I’ve not had much experience with the tumult of emotion that forever goodbyes bring. I watched two grandmothers fade away – with one, I kept vigil by her bed, listening to her final laboured breaths, whispering over and over again that it was OK for her to go. My other grandmother clung to a long string of days, passing them like pearls on a necklace, as she inched closer and closer to her Lord. I wasn’t there when she finally left to meet him.
But tonight, I said goodbye to a still living friend. He’s leaving Thursday to be with his family in Ontario for the few sunset months the cancer has granted him. Granted, our friendship has been as adult friendships frequently are…opinionated conversations to unearth common ground, good-natured ribbing, occasional evenings and barbeques, a few shared stories. To be honest, we’ve been more a part of his dying than of his living.

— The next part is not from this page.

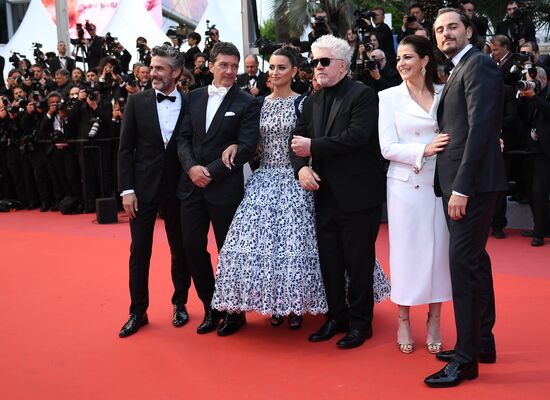 France Cannes Film Festival Pain And Glory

But, as we sat chatting in his kitchen, the weight of his leaving hollowed my heart. This was forever goodbye. He is part of an elite club – those who face their own death – who watch it coming, helpless to stop its advance. He sat in his wheelchair and talked about how his dying would pain his mother, his grandson. I’ve always appreciated his blunt honesty, and at this moment, I wanted to counter with my own. I wanted to know, “How do you face this? How do you go to sleep at night, knowing each day that passes brings you closer? How do you say goodbye, over and over? Does being a Christian really take away the fear?” It seemed that the time for dancing had passed - but still I hesitated – I may also be a Christian, but what did I know about dying?
A local pastor dropped by for a brief visit. When he prepared to leave, he shook his hand. “See you later,” he said as he left.
Having faith that goodbye isn’t really forever may help tomorrow, but it doesn’t fill the hollow today.